▶ Task to complete: All lines from the one that mentions "Simple Line Art" through the last of the entries below must be copied exactly, with both ends kept.

--------------------

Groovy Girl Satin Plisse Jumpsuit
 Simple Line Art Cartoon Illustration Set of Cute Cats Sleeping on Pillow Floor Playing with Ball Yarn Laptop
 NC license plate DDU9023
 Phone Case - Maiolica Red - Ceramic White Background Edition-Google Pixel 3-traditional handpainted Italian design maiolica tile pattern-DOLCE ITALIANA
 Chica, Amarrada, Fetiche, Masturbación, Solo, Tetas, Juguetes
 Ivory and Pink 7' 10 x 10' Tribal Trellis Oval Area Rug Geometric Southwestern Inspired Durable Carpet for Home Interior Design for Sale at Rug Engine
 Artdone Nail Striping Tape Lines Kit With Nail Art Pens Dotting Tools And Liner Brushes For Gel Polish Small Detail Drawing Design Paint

--------------------

▶ Response area:
 Simple Line Art Cartoon Illustration Set of Cute Cats Sleeping on Pillow Floor Playing with Ball Yarn Laptop
 NC license plate DDU9023
 Phone Case - Maiolica Red - Ceramic White Background Edition-Google Pixel 3-traditional handpainted Italian design maiolica tile pattern-DOLCE ITALIANA
 Chica, Amarrada, Fetiche, Masturbación, Solo, Tetas, Juguetes
 Ivory and Pink 7' 10 x 10' Tribal Trellis Oval Area Rug Geometric Southwestern Inspired Durable Carpet for Home Interior Design for Sale at Rug Engine
 Artdone Nail Striping Tape Lines Kit With Nail Art Pens Dotting Tools And Liner Brushes For Gel Polish Small Detail Drawing Design Paint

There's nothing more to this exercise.